*RECORDS SHOWN:*

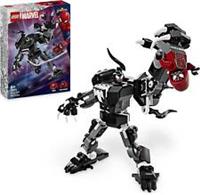 LEGO Marvel Venom Mech Armour vs. Miles Morales, Posable Spider-Man Toy Action 6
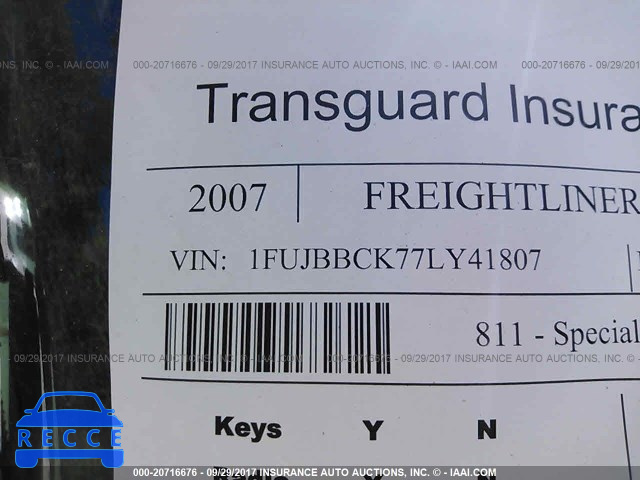 2007 FREIGHTLINER ST120 ST120 1FUJBBCK77LY41807 image 9
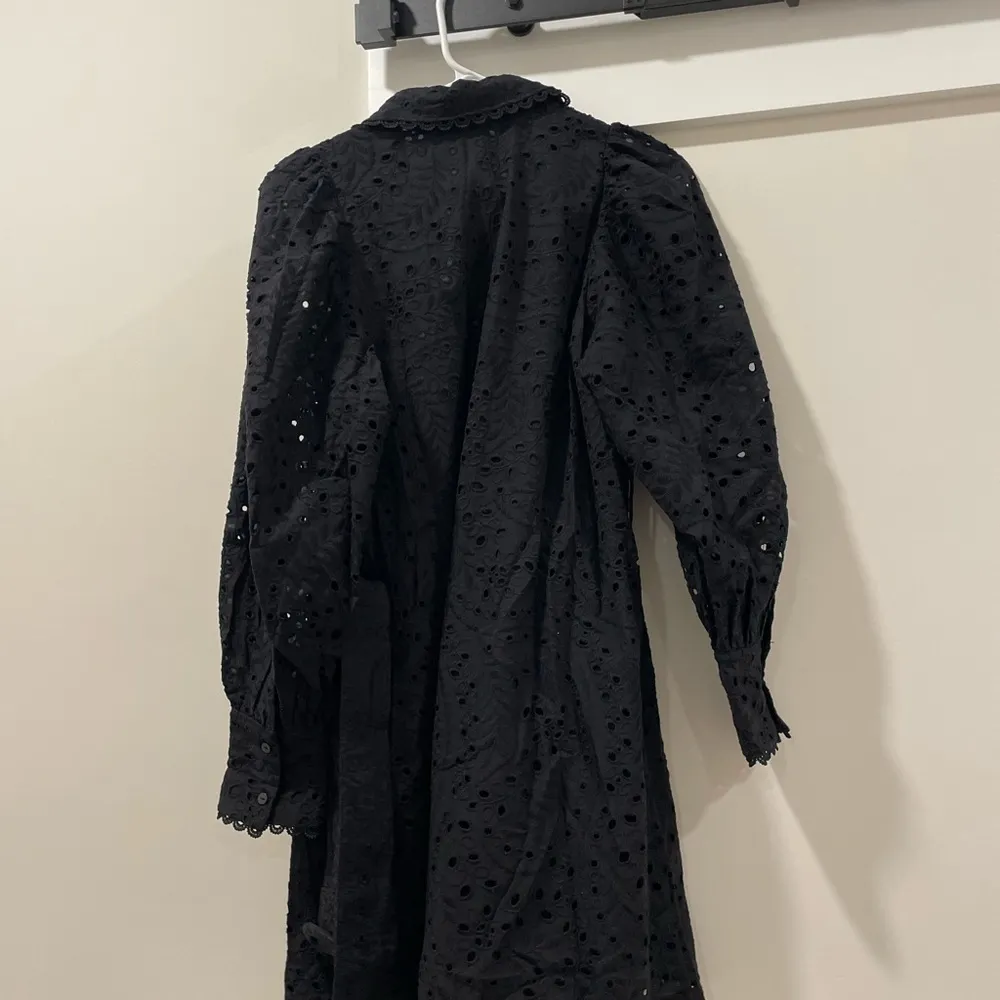 EUC H&M Black Eyelet Dress - Image 5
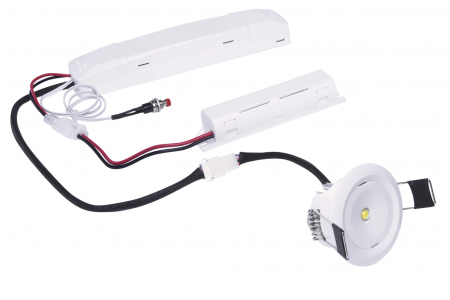 Iluminat led - EOL Lampa antipanica, incastrata, 3h, 3W, mentinut, test automat, Intelight 92166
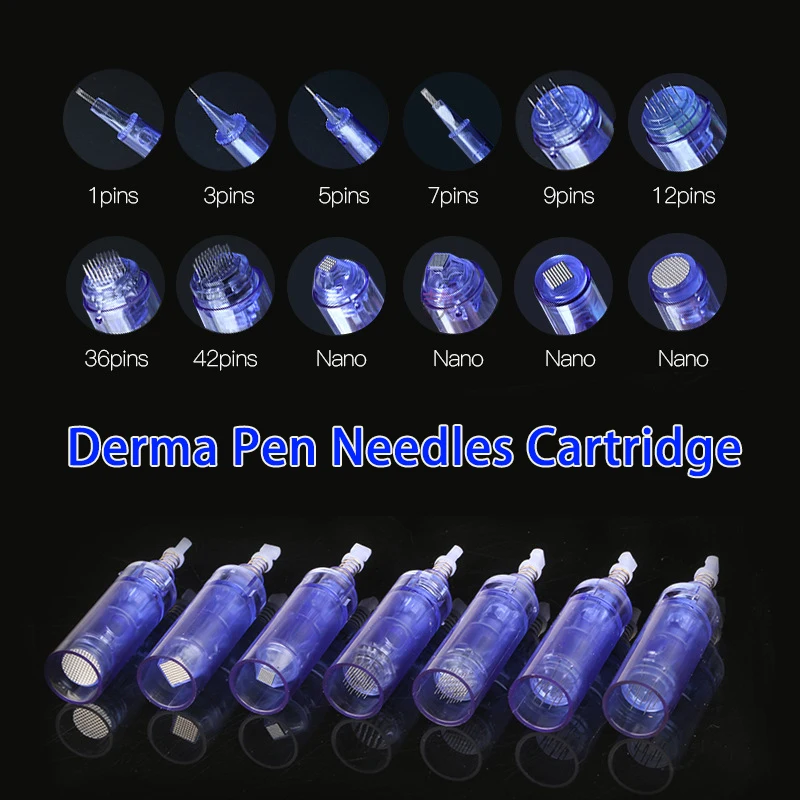 100 шт./лот Dr Pen A6 1 3 5 7 9 12 36 42 контакта Nano игольчатый картридж для MYM Derma Auto Microneedling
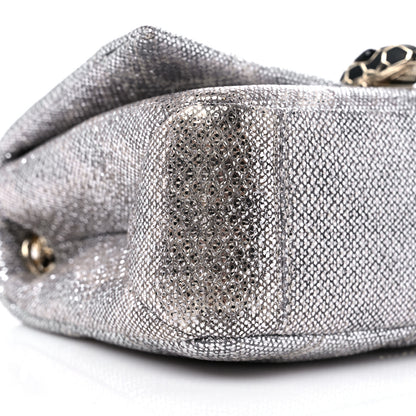 Bulgari Shiny Karung Matelasse Mini Serpenti Cabochon Crossbody Silver 7 of 8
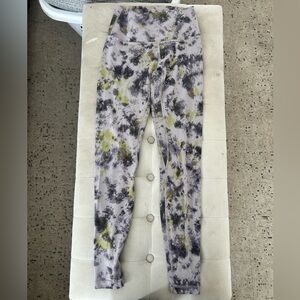 lululemon athletica Tie-Dye Leggings - Grey and Yellow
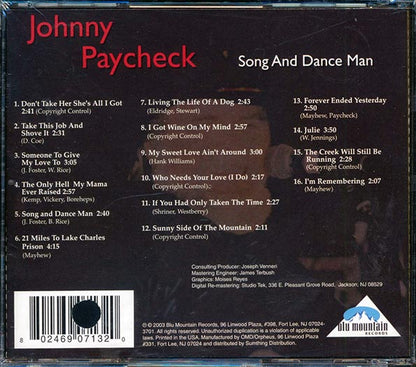 Johnny Paycheck - Songs And Dance Man (CD)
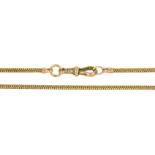 A GOLD SNAKE CHAIN, MARKED 9C, 16G
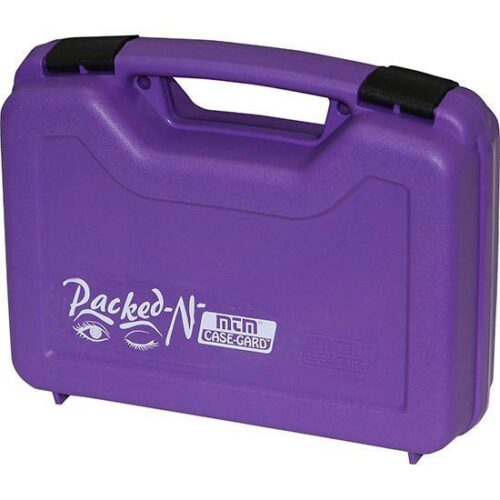 MTM HANDGUN CASE SINGLE UP TO 4 REVOLVER PURPLE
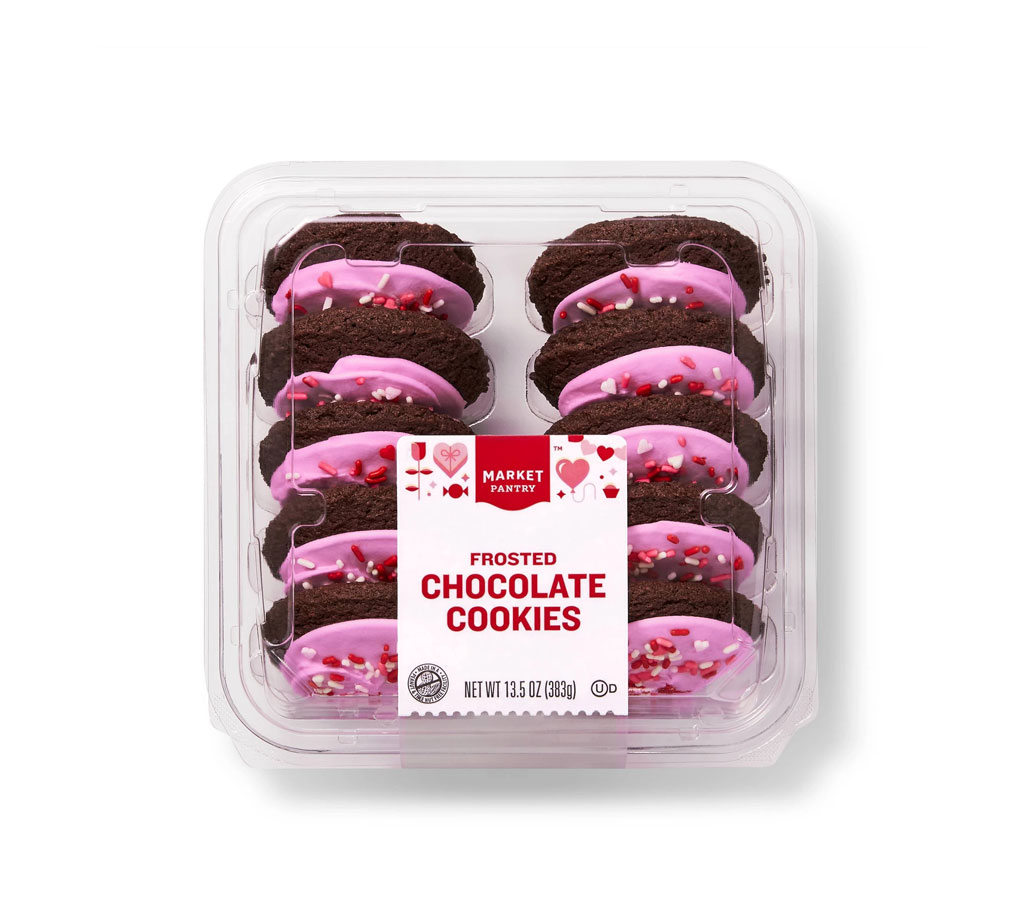 Biscoitos de chocolate com cobertura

*EXERCISE BRIEF:*
The entries above are to be repeated in full, except for their pictures.

*RESULT BELOW:*
 LEGO Marvel Venom Mech Armour vs. Miles Morales, Posable Spider-Man Toy Action 6
 2007 FREIGHTLINER ST120 ST120 1FUJBBCK77LY41807 image 9
 EUC H&M Black Eyelet Dress - Image 5
 Iluminat led - EOL Lampa antipanica, incastrata, 3h, 3W, mentinut, test automat, Intelight 92166
 100 шт./лот Dr Pen A6 1 3 5 7 9 12 36 42 контакта Nano игольчатый картридж для MYM Derma Auto Microneedling
 Bulgari Shiny Karung Matelasse Mini Serpenti Cabochon Crossbody Silver 7 of 8
 lululemon athletica Tie-Dye Leggings - Grey and Yellow
 Johnny Paycheck - Songs And Dance Man (CD)
 A GOLD SNAKE CHAIN, MARKED 9C, 16G
 MTM HANDGUN CASE SINGLE UP TO 4 REVOLVER PURPLE
 Biscoitos de chocolate com cobertura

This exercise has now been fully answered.